Drakes Bay Oyster Co. has severed its relationship with a right-leaning advocacy group after a scuffle over a PBS segment on the oyster farm's ouster from Point Reyes National Seashore.

Cause of Action has helped represent the farm in its lawsuit against the Department of Interior that claims that former Secretary Ken Salazar failed to follow environmental regulations before deciding to close the farm last year. The 9th U.S. Circuit Court of Appeals is currently deciding whether to allow the farm to stay open while a lower court considers the lawsuit (E&ENews PM, May 14).

The relationship was a unique -- and tenuous -- one. Drakes Bay Oyster Co. operates in a liberal enclave, exhorting the virtues of sustainable agriculture, while Cause of Action is a watchdog group that tends to follow conservative causes (Greenwire, Nov. 14, 2012).

Their interests dovetailed when it came to the debate over the farm's operation in a national park. The farm wanted to stay open but had little funds for legal fees; the group wanted to publicize the overreach of government agencies.

But earlier this month, Cause of Action took its cause too far for the farm's comfort. It filed a Freedom of Information Act request with PBS, arguing that the network unfairly portrayed the group and "misconstrued key facts." The group asked PBS to release the full video recordings used for the nine-minute "NewsHour" segment.


The segment focused on the "strange bedfellows" created by the debate over whether the farm should operate in a potential wilderness area. The years-long fight has pitted conservationists against other environmentalists -- and led to the farm gaining support from conservatives.

Farm owners Kevin and Nancy Lunny were unhappy with the report, but they also didn't authorize Cause of Action to attack PBS. The couple recently joined scientist Corey Goodman in writing a letter to PBS informing the station that Cause of Action no longer represented them. Freedom of the press, they said, is "just as critical to our society as is truth and scientific integrity in our government."

But they lamented that the relationship had already caused the media to report that they were "part of some conspiracy to destroy parks and wilderness."

"Nothing could be further from the truth," they wrote. "We are environmentalists and agriculturalists. We also believe in working landscapes, the collaboration of sustainable agriculture while protecting the environment, and maintaining the character of our community."

Cause of Action has withdrawn its FOIA request, and in a statement yesterday, the group confirmed that it will be withdrawing from the lawsuit. The farm's lawsuit will continue with law firms Briscoe Ivester & Bazel LLP, Stoel Rives LLP and SSL Law remaining as counsel.

"All client matters are confidential and they will remain so here," Mary Beth Hutchins, Cause of Action's spokeswoman, said in an email. "We hope for nothing but the best for Drakes Bay Oyster Company and the Lunny family."

Farm says DOJ made incorrect statement during oral arguments

The separation came on the same day that the farm filed a letter with the 9th Circuit claiming that the Department of Justice made an incorrect statement during oral arguments on May 14.

During that hearing, Justice Department attorney David Gunter told the three-judge panel that Salazar had responded to criticisms of harbor seal data in Interior's environmental impact statement on the farm.

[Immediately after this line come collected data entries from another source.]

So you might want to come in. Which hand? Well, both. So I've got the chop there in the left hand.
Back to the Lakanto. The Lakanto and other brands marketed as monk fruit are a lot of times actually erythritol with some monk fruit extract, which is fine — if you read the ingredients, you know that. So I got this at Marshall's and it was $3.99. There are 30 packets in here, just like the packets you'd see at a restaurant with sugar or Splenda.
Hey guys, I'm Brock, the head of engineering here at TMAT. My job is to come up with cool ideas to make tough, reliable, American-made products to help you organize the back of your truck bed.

But the farm argues that such a response was impossible, as the criticism wasn't raised until after the EIS was published.

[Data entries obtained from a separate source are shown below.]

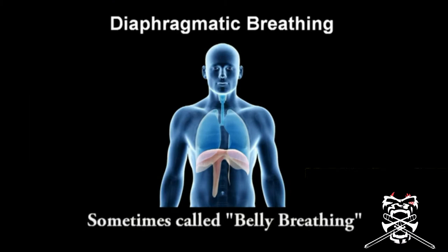When you contract this muscle, it helps your lungs exhale the air at an accelerated rate with power.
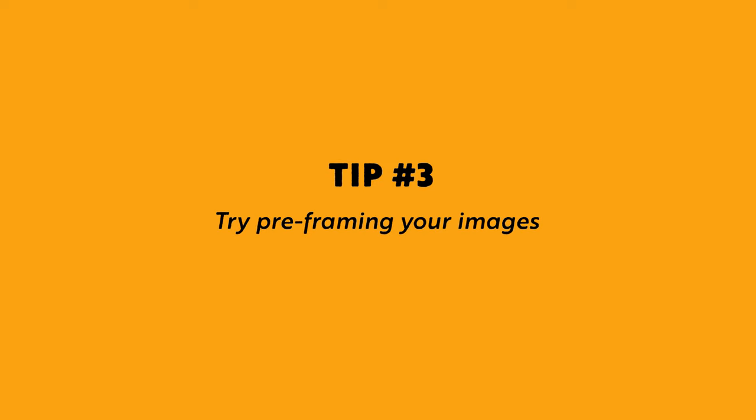For tip number three, I want to talk about framing — specifically, pre-framing and framing an image before your action is even in it. This is a technique used with a lot of speed sports, where it can be difficult to track the person as they're moving. If you're looking to freeze them in the spot, oftentimes it can be more beneficial to set up your frame the way you want it to look, have the focus ready for when the athlete goes through the frame, and then all you have to do is press the shutter. Pre-framing your shot can be a really effective tool for making sure you don't miss the action. I highly recommend you try pre-framing your shots at your next sports competition.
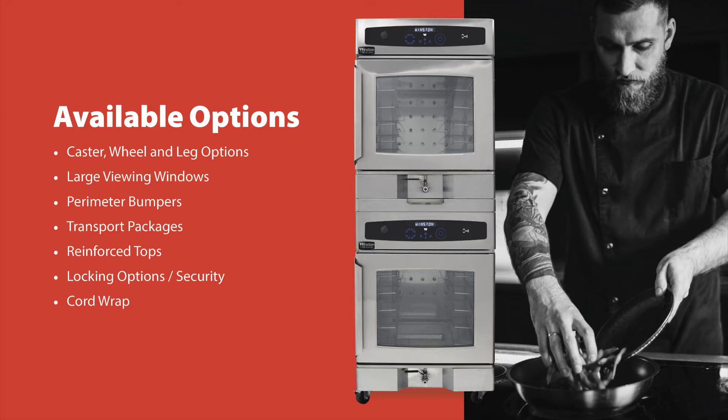Transport packages include full perimeter bumpers, a cord wrap, evaporator cover, and push-pull handles, allowing for ease of transport and protecting the oven for mobile applications.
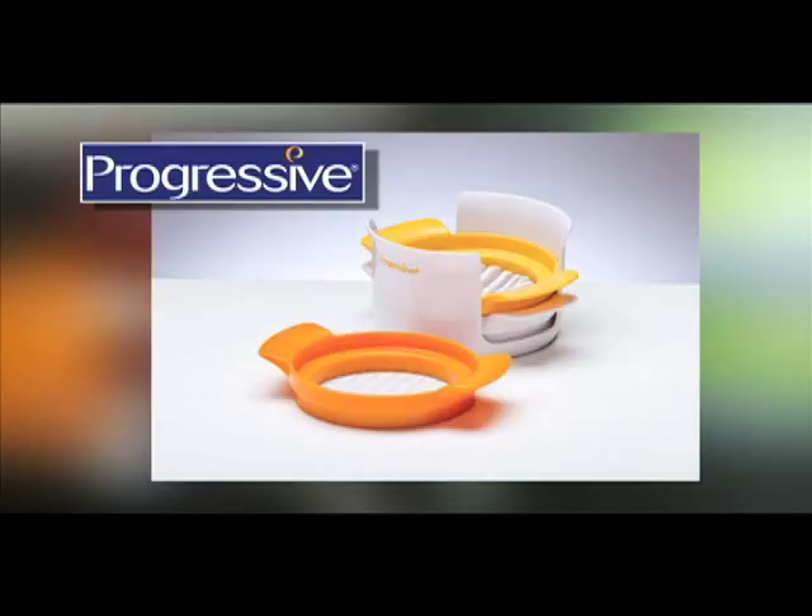What's not to like? The Egg Slicer — check out this and other innovative kitchen products from Progressive.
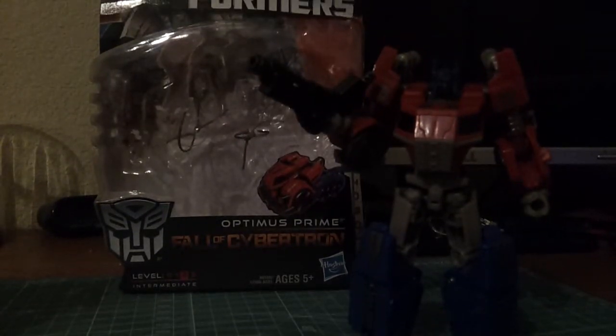Hey everybody, DSR here with a quick video to show off the new Fall of Cybertron line Optimus Prime figure. He's a deluxe class, kind of. He's quite small compared to a lot of them. I found him on a Target run last Saturday over the weekend, and he wasn't on any pegs. I checked with the employees — there were none in the back, none else on the shelves. He was by himself under a pile of Transformers Prime Bumblebees.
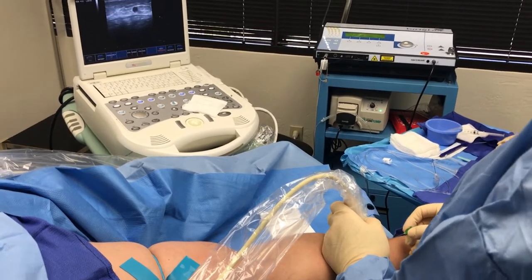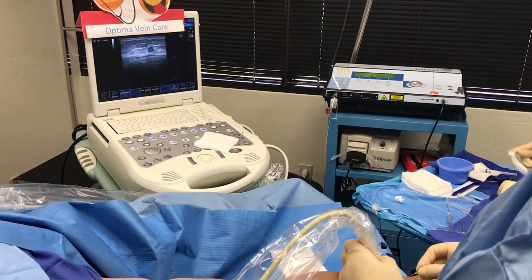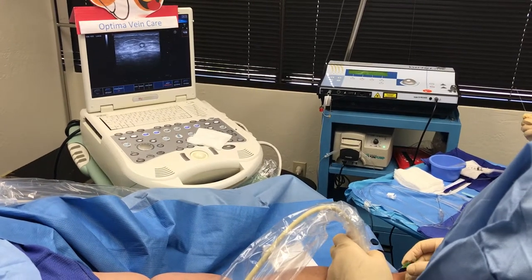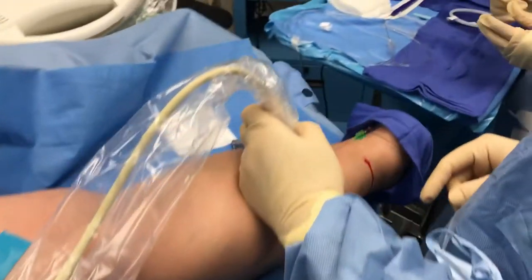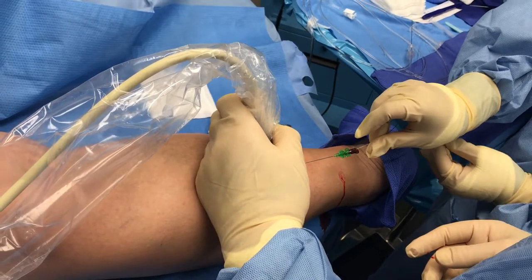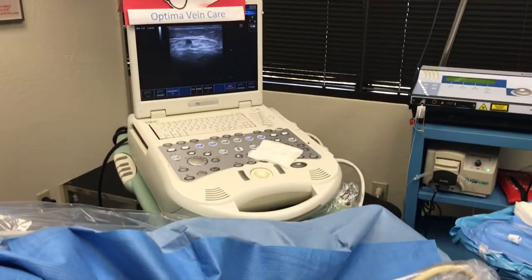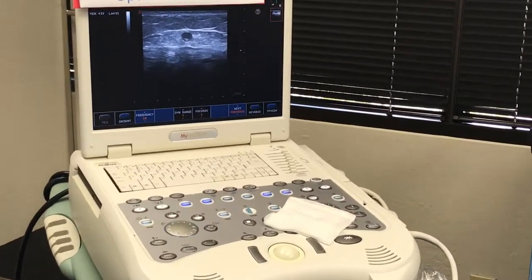The next job is to try and get a needle into that structure. We'll advance the needle. You can see it comes off — if you look down here with the camera it's bleeding back, so we're in the right spot. We'll feed a wire into that. You can see the wire going in, and we'll advance the wire further.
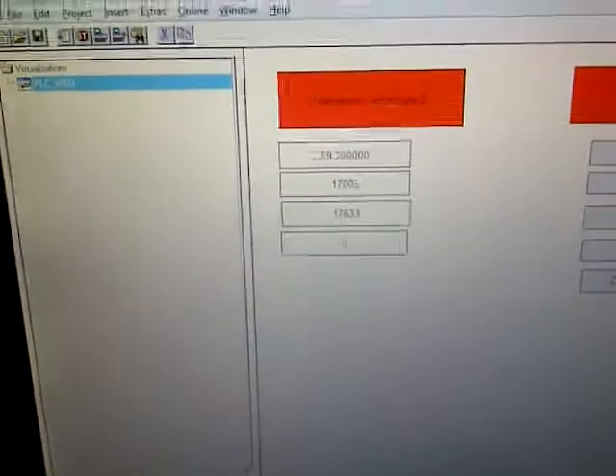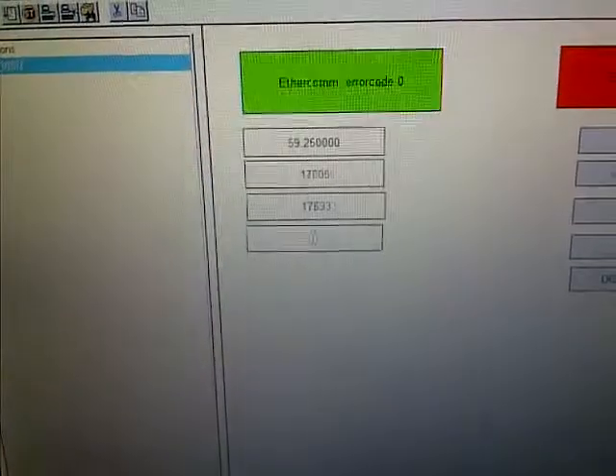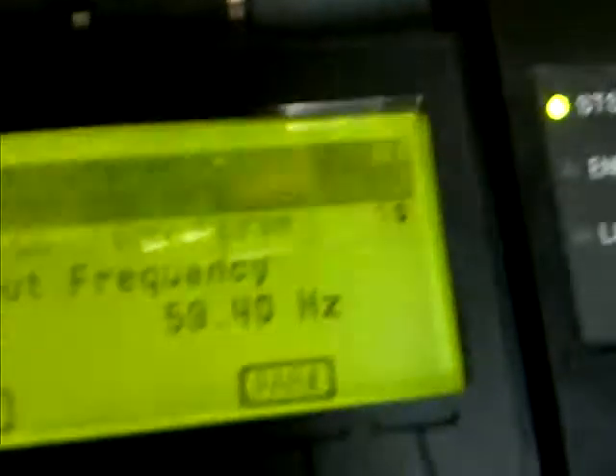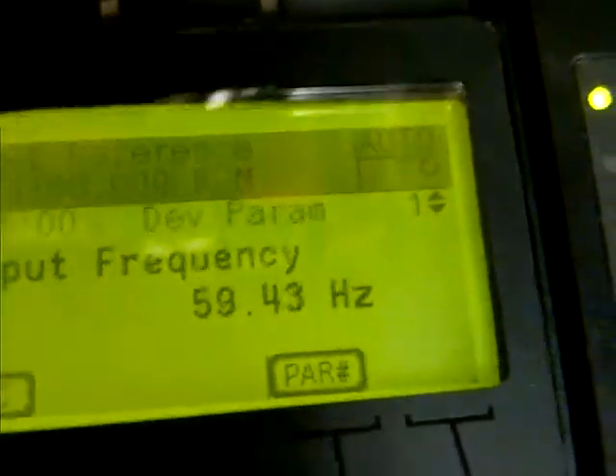We're reading Modbus TCP data on the screen. This 59.25 value is coming into our WAGO PLC through the Allen Bradley Drive via Modbus TCP. There's our Modbus TCP card right there, connected up to the drive, and there's that same value on the drive front as well.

In a letter to the court, Peter Prows, an attorney at Briscoe Ivester & Bazel, asks that the record be corrected. But Gunter argues that his statement was an honest mistake that has little bearing on the case.

"After reviewing the video, I believe that no correction is necessary," he wrote in a letter to Prows. "To the extent I made a mistake in my argument, that mistake was not material and will have no bearing on the Court's consideration of the case."

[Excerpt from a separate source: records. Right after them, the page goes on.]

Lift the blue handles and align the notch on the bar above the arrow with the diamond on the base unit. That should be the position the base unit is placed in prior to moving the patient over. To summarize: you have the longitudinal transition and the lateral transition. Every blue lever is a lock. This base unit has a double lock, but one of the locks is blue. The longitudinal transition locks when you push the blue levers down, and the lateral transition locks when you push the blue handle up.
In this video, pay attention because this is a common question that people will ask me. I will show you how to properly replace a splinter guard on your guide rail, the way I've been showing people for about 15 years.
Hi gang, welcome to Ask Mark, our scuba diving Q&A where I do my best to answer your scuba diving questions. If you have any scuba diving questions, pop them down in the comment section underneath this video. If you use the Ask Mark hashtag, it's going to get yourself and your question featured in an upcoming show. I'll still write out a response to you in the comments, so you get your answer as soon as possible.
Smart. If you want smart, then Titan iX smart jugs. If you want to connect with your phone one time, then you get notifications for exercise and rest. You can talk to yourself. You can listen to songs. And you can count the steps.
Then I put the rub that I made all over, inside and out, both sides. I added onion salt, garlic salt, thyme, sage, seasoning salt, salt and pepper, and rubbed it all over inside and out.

Gunter also warned Prows that "courts do not look favorably on attempts by parties to seize upon minor points ... and use them as a pretext for supplemental briefing."

Attorneys for the farm had used the harbor seal criticism as an example of why Interior needed to follow National Environmental Policy Act guidelines that require agencies to wait 30 days after a final EIS to make a decision.

Salazar waited only a few days to announce his decision, before anyone had a chance to study the data in the final EIS. Goodman's analysis of the seal data -- and his contention that the EIS misrepresented it -- only came after Salazar's decision (Greenwire, May 14).

Interior maintains he wasn't required to follow NEPA rules, as Salazar simply chose to not renew a lease and based that decision on policy.